• EXERCISE DATA
——
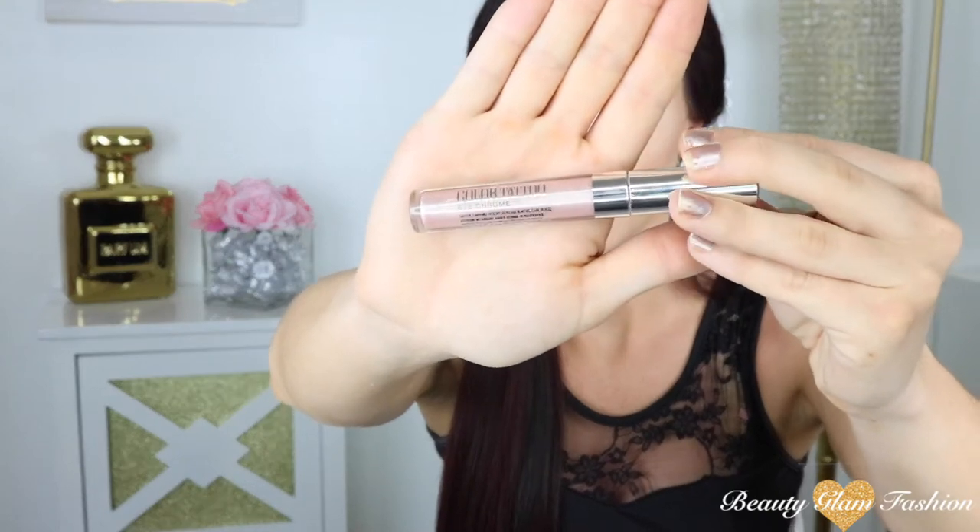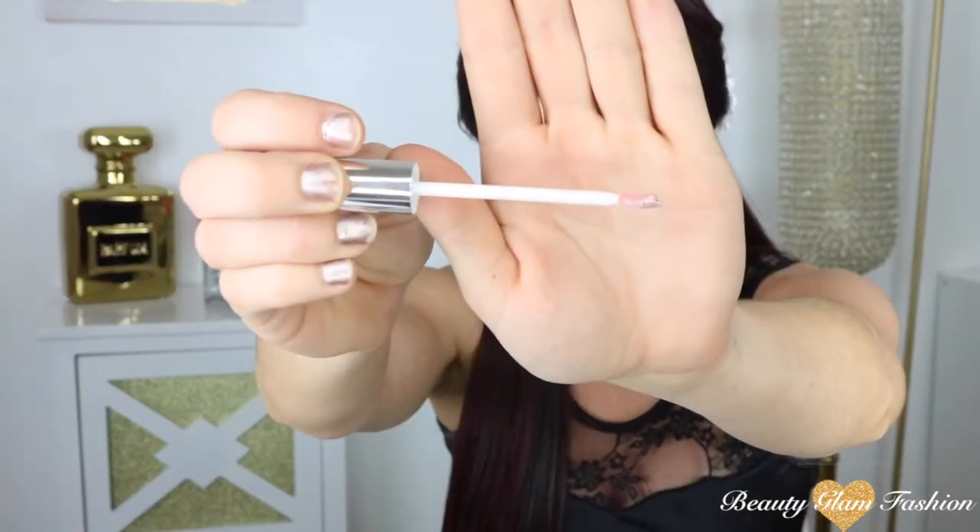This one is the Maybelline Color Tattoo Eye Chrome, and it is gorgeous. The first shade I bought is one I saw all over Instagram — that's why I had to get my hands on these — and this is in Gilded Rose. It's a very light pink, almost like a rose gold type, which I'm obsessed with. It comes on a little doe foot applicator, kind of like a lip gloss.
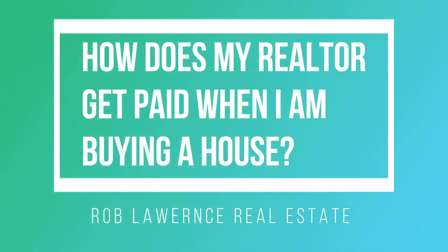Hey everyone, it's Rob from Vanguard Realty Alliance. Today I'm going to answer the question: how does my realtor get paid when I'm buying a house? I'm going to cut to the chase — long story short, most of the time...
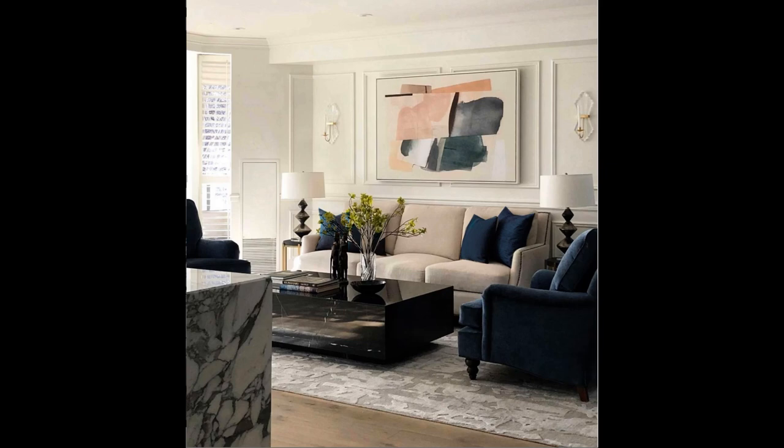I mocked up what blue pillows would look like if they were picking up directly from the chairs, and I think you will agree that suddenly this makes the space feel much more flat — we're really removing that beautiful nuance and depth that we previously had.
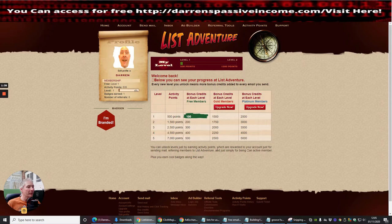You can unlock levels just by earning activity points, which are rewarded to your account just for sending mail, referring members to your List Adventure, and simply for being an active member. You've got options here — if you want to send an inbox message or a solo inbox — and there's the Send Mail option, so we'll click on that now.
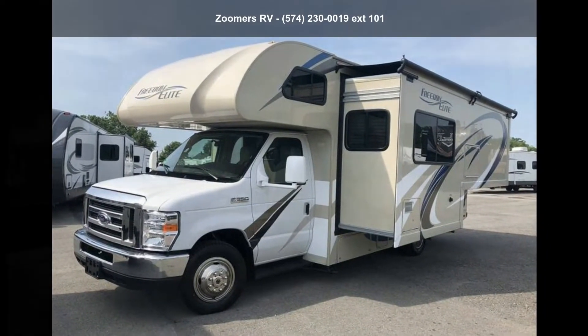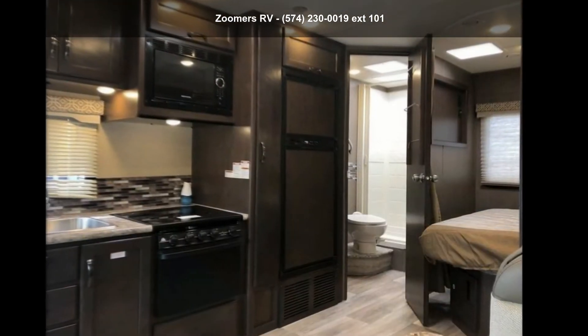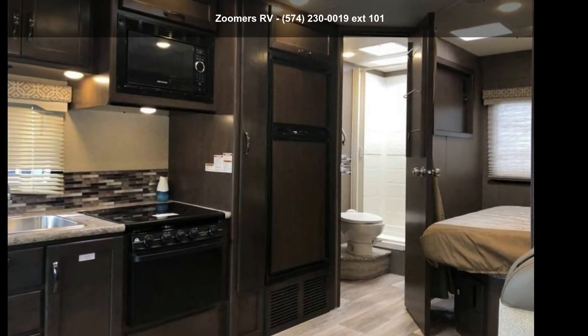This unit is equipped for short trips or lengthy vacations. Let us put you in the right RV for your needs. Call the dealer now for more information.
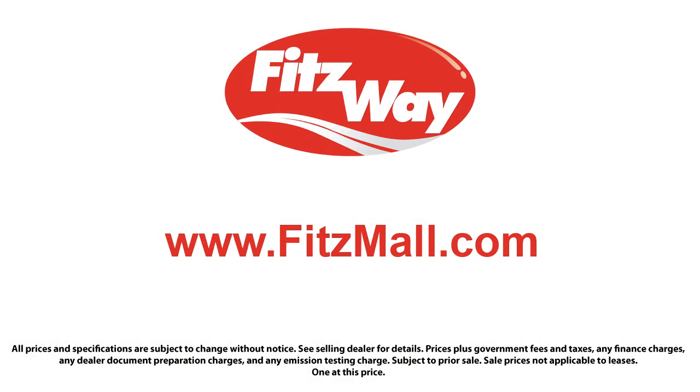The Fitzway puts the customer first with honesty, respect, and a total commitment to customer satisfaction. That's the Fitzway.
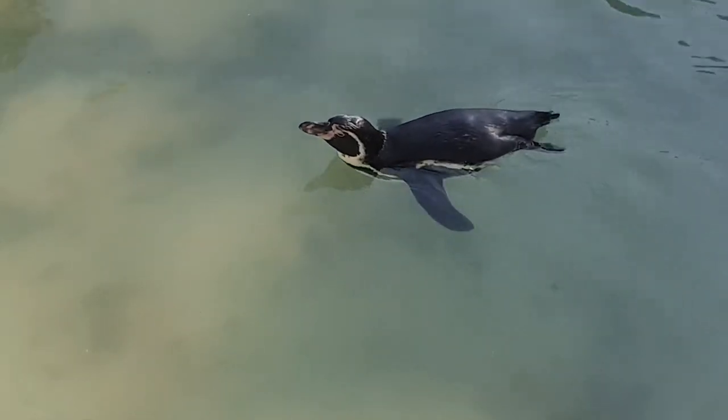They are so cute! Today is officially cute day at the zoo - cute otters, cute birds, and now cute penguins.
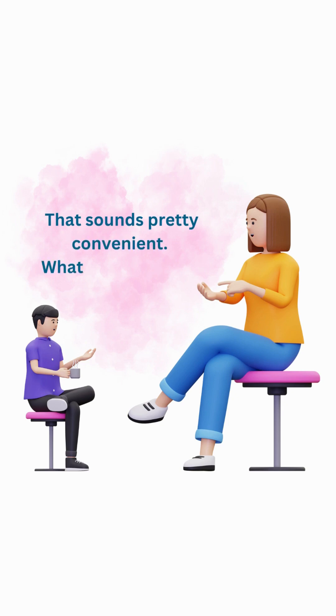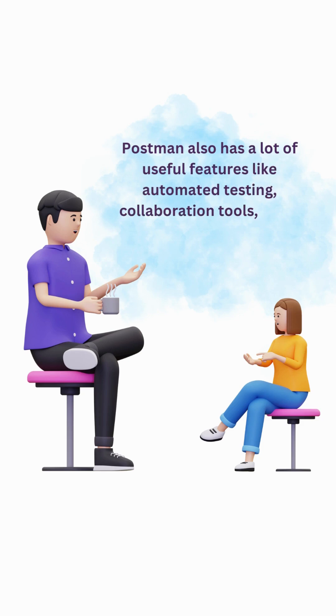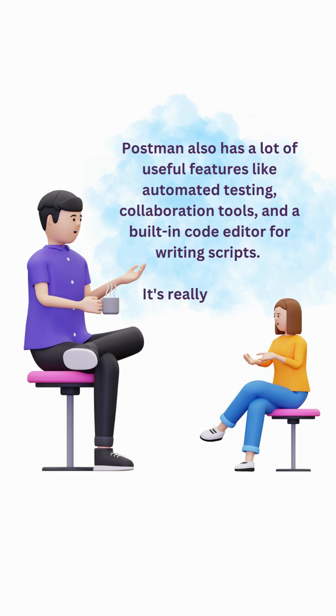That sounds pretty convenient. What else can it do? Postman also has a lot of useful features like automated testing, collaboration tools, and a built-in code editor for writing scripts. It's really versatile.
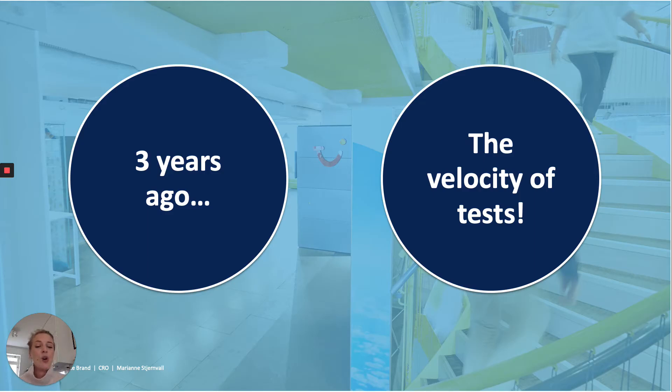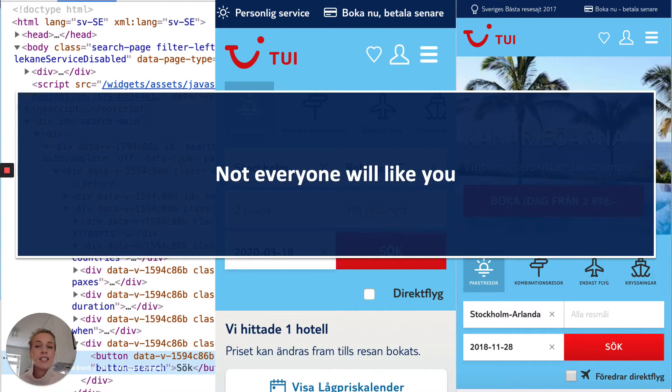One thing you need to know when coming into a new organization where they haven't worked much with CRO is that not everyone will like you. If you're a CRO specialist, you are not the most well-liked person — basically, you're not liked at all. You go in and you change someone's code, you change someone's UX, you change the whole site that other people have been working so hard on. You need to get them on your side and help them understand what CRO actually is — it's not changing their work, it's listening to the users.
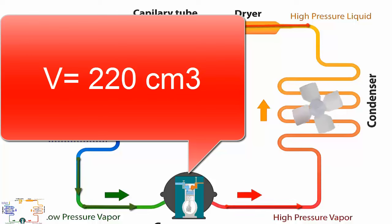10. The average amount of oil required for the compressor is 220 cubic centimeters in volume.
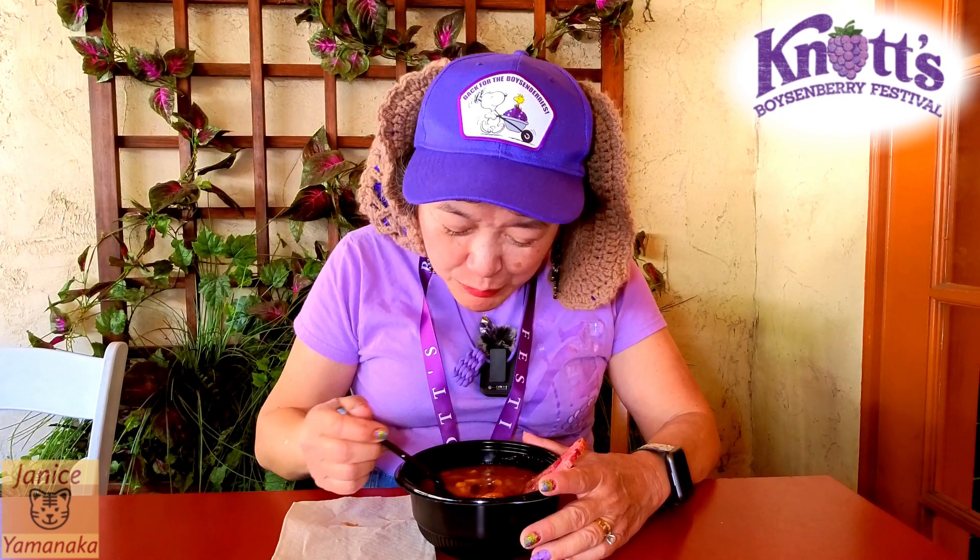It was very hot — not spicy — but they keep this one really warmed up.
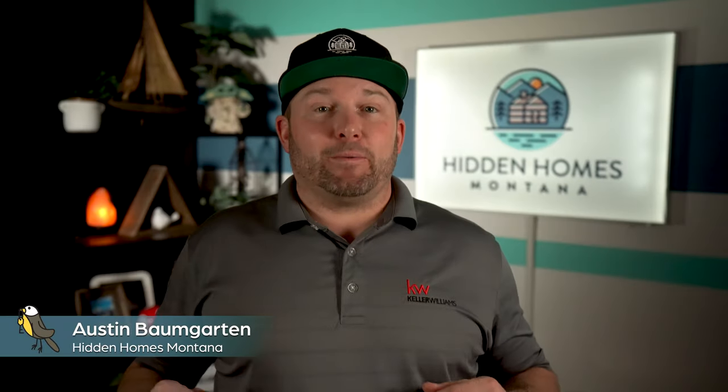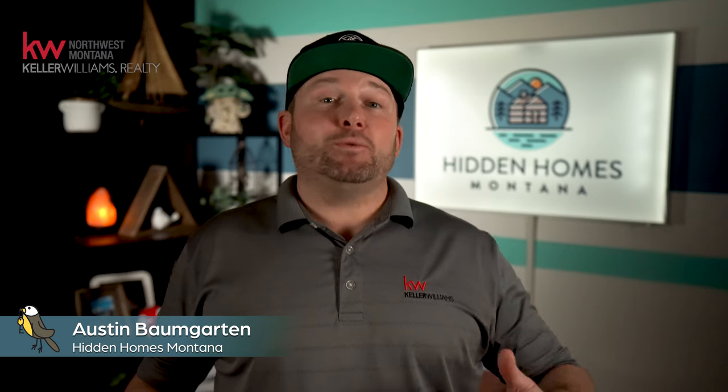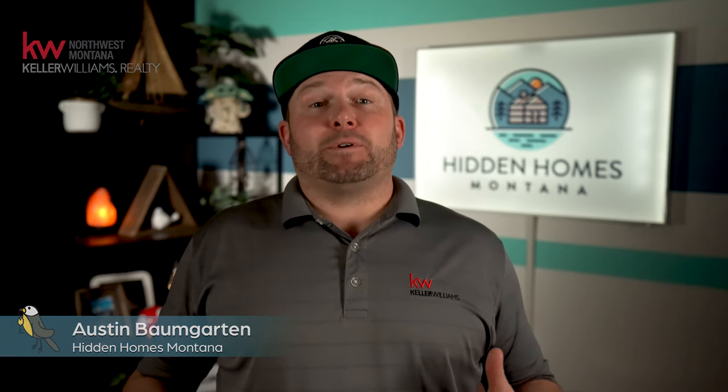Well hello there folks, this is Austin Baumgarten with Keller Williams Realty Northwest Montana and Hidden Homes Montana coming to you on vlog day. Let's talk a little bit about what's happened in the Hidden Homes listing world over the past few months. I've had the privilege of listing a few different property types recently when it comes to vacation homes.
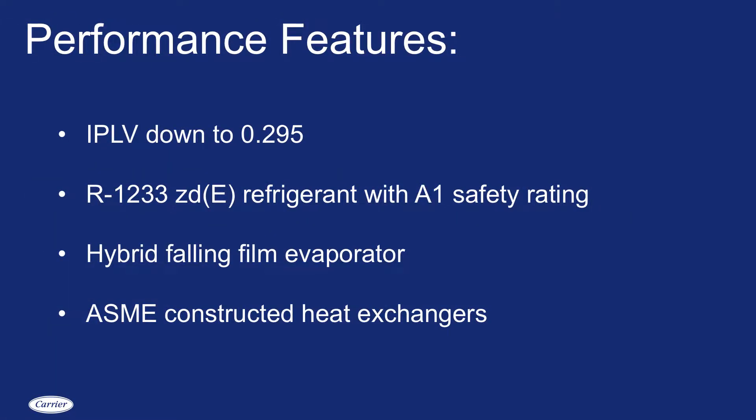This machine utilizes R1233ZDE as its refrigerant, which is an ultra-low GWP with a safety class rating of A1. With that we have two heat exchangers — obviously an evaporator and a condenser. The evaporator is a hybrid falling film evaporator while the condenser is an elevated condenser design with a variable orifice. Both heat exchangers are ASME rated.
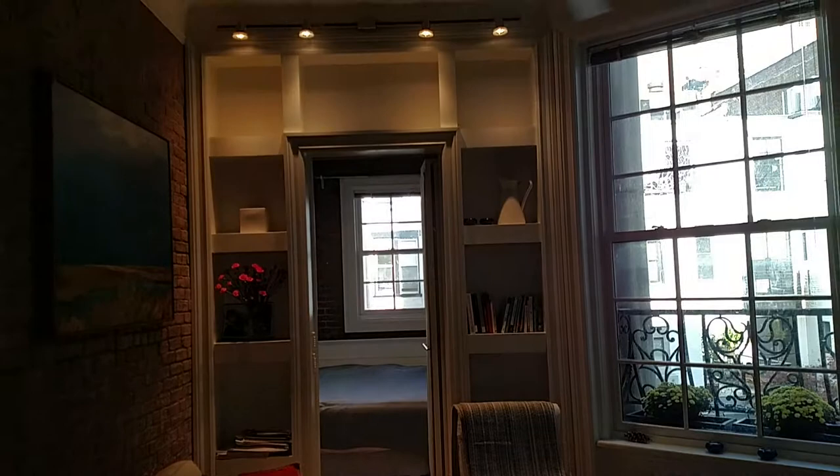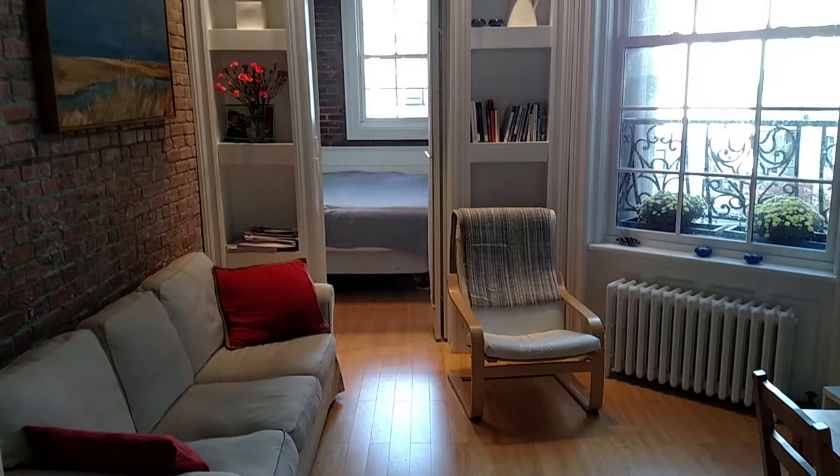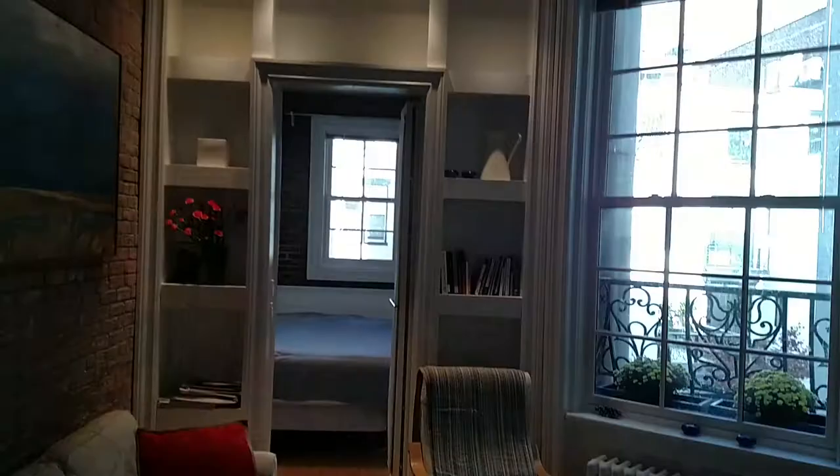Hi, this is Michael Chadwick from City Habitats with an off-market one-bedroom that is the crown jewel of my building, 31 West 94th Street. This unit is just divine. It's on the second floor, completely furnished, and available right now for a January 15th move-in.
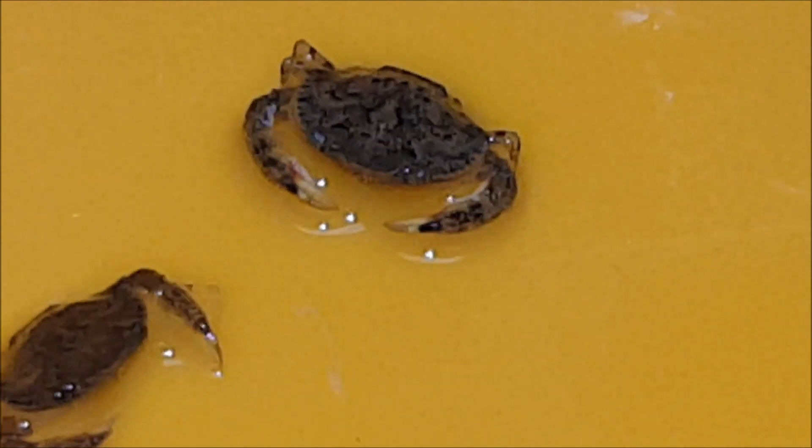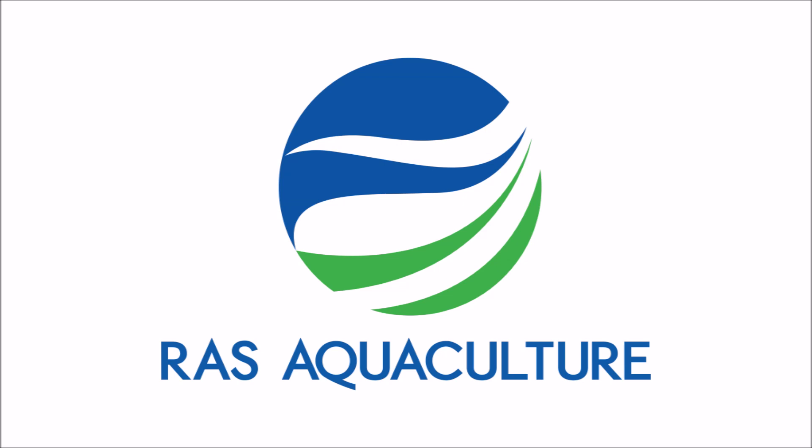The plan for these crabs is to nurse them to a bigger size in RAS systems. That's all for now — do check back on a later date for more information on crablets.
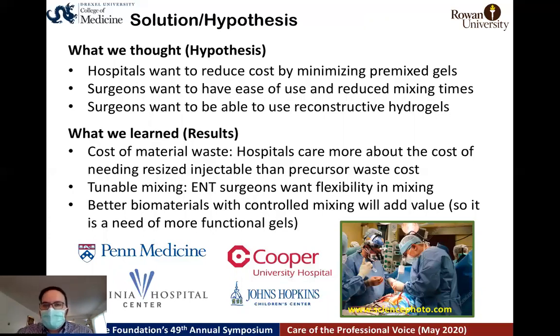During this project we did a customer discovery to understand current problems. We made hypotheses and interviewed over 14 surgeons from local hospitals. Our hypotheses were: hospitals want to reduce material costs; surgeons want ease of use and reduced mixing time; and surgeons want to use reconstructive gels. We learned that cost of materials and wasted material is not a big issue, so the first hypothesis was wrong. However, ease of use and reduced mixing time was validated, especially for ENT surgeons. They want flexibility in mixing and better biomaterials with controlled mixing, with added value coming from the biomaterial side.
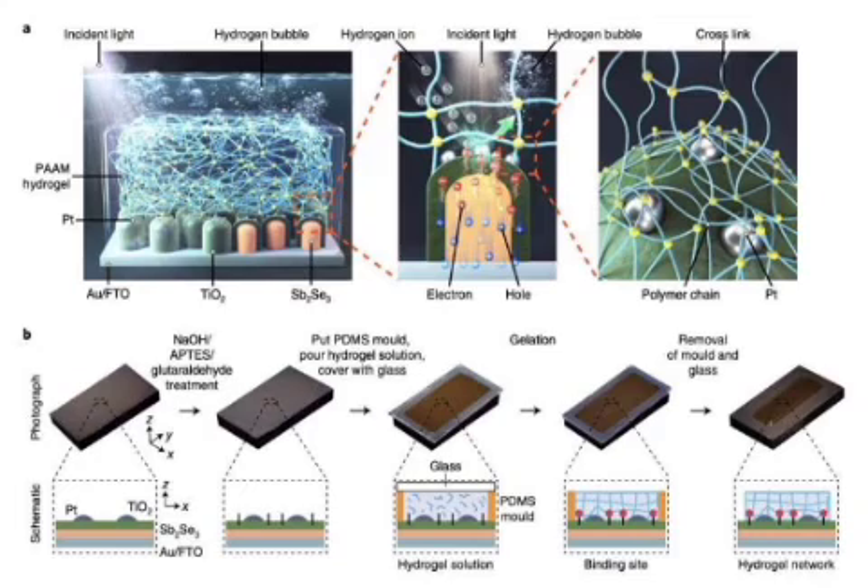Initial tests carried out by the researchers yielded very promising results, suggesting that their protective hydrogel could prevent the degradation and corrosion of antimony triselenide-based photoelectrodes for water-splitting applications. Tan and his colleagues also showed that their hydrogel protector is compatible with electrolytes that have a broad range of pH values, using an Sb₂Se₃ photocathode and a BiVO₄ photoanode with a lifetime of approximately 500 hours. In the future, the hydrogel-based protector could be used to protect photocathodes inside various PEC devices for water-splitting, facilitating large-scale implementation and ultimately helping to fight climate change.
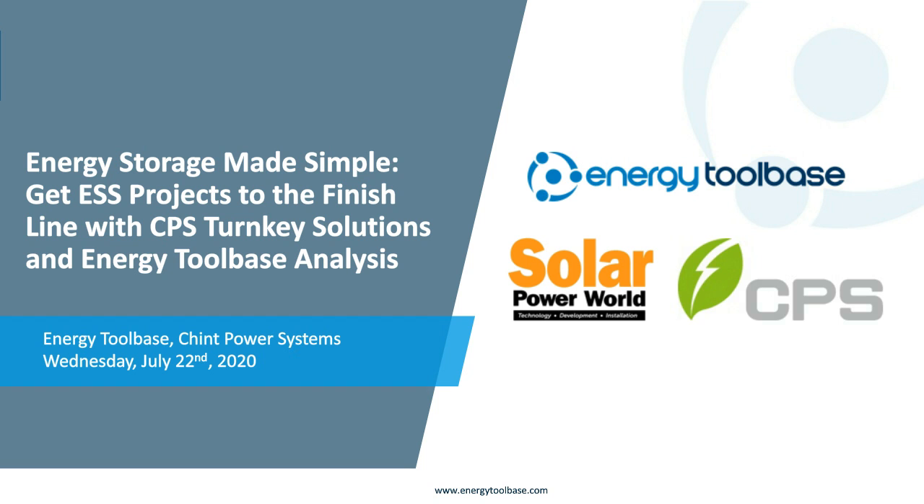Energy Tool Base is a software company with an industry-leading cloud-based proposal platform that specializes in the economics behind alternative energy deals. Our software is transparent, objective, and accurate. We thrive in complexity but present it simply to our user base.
——
• EXERCISE INSTRUCTIONS
Copy back, word for word, every line between the top of the material above and the line that contains "Hey everyone, it's", both included, without any pictures.

• SOLUTION TO THIS EXERCISE
This one is the Maybelline Color Tattoo Eye Chrome, and it is gorgeous. The first shade I bought is one I saw all over Instagram — that's why I had to get my hands on these — and this is in Gilded Rose. It's a very light pink, almost like a rose gold type, which I'm obsessed with. It comes on a little doe foot applicator, kind of like a lip gloss.
Hey everyone, it's Rob from Vanguard Realty Alliance. Today I'm going to answer the question: how does my realtor get paid when I'm buying a house? I'm going to cut to the chase — long story short, most of the time...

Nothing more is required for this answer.